#### [WORK TASK]
From the first line to the last, print the data exactly.

Web page caption snippets:
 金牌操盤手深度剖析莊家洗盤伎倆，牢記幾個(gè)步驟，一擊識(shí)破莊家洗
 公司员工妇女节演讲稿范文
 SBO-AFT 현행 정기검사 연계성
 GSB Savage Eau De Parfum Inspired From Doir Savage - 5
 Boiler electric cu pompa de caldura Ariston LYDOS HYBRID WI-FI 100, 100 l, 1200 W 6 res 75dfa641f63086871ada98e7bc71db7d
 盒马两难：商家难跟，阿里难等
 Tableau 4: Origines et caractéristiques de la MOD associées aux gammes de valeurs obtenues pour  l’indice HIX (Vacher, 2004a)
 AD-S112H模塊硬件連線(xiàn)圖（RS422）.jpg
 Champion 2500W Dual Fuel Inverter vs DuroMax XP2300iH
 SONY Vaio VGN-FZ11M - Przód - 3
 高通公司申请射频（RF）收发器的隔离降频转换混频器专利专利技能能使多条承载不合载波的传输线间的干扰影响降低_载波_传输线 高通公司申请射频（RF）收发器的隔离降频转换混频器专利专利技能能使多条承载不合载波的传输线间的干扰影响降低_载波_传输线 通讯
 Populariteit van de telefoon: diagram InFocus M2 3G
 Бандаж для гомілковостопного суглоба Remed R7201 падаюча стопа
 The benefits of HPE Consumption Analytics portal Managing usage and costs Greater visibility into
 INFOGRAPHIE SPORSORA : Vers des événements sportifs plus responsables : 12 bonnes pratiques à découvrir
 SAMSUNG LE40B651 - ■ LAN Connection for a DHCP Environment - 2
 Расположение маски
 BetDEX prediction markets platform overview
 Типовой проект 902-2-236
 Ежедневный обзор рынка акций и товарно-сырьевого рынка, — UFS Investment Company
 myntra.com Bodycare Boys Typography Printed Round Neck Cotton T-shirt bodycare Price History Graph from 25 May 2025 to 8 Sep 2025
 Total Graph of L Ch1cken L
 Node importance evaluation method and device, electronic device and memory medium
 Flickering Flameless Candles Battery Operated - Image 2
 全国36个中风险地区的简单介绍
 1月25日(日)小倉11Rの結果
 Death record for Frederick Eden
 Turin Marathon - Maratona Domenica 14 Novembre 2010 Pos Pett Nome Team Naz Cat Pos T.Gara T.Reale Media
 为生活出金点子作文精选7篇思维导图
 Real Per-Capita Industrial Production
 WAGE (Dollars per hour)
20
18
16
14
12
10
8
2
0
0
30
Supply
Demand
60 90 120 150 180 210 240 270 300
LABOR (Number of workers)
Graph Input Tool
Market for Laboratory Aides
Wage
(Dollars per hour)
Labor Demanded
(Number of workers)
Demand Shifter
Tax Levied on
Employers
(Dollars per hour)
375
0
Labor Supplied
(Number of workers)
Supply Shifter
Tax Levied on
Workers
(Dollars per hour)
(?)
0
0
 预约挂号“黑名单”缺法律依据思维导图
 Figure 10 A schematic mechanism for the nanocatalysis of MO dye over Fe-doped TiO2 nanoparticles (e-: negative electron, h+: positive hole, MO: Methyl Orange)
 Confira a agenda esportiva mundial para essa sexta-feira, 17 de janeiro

#### [ANSWER TO THE PROBLEM]
 金牌操盤手深度剖析莊家洗盤伎倆，牢記幾個(gè)步驟，一擊識(shí)破莊家洗
 公司员工妇女节演讲稿范文
 SBO-AFT 현행 정기검사 연계성
 GSB Savage Eau De Parfum Inspired From Doir Savage - 5
 Boiler electric cu pompa de caldura Ariston LYDOS HYBRID WI-FI 100, 100 l, 1200 W 6 res 75dfa641f63086871ada98e7bc71db7d
 盒马两难：商家难跟，阿里难等
 Tableau 4: Origines et caractéristiques de la MOD associées aux gammes de valeurs obtenues pour  l’indice HIX (Vacher, 2004a)
 AD-S112H模塊硬件連線(xiàn)圖（RS422）.jpg
 Champion 2500W Dual Fuel Inverter vs DuroMax XP2300iH
 SONY Vaio VGN-FZ11M - Przód - 3
 高通公司申请射频（RF）收发器的隔离降频转换混频器专利专利技能能使多条承载不合载波的传输线间的干扰影响降低_载波_传输线 高通公司申请射频（RF）收发器的隔离降频转换混频器专利专利技能能使多条承载不合载波的传输线间的干扰影响降低_载波_传输线 通讯
 Populariteit van de telefoon: diagram InFocus M2 3G
 Бандаж для гомілковостопного суглоба Remed R7201 падаюча стопа
 The benefits of HPE Consumption Analytics portal Managing usage and costs Greater visibility into
 INFOGRAPHIE SPORSORA : Vers des événements sportifs plus responsables : 12 bonnes pratiques à découvrir
 SAMSUNG LE40B651 - ■ LAN Connection for a DHCP Environment - 2
 Расположение маски
 BetDEX prediction markets platform overview
 Типовой проект 902-2-236
 Ежедневный обзор рынка акций и товарно-сырьевого рынка, — UFS Investment Company
 myntra.com Bodycare Boys Typography Printed Round Neck Cotton T-shirt bodycare Price History Graph from 25 May 2025 to 8 Sep 2025
 Total Graph of L Ch1cken L
 Node importance evaluation method and device, electronic device and memory medium
 Flickering Flameless Candles Battery Operated - Image 2
 全国36个中风险地区的简单介绍
 1月25日(日)小倉11Rの結果
 Death record for Frederick Eden
 Turin Marathon - Maratona Domenica 14 Novembre 2010 Pos Pett Nome Team Naz Cat Pos T.Gara T.Reale Media
 为生活出金点子作文精选7篇思维导图
 Real Per-Capita Industrial Production
 WAGE (Dollars per hour)
20
18
16
14
12
10
8
2
0
0
30
Supply
Demand
60 90 120 150 180 210 240 270 300
LABOR (Number of workers)
Graph Input Tool
Market for Laboratory Aides
Wage
(Dollars per hour)
Labor Demanded
(Number of workers)
Demand Shifter
Tax Levied on
Employers
(Dollars per hour)
375
0
Labor Supplied
(Number of workers)
Supply Shifter
Tax Levied on
Workers
(Dollars per hour)
(?)
0
0
 预约挂号“黑名单”缺法律依据思维导图
 Figure 10 A schematic mechanism for the nanocatalysis of MO dye over Fe-doped TiO2 nanoparticles (e-: negative electron, h+: positive hole, MO: Methyl Orange)
 Confira a agenda esportiva mundial para essa sexta-feira, 17 de janeiro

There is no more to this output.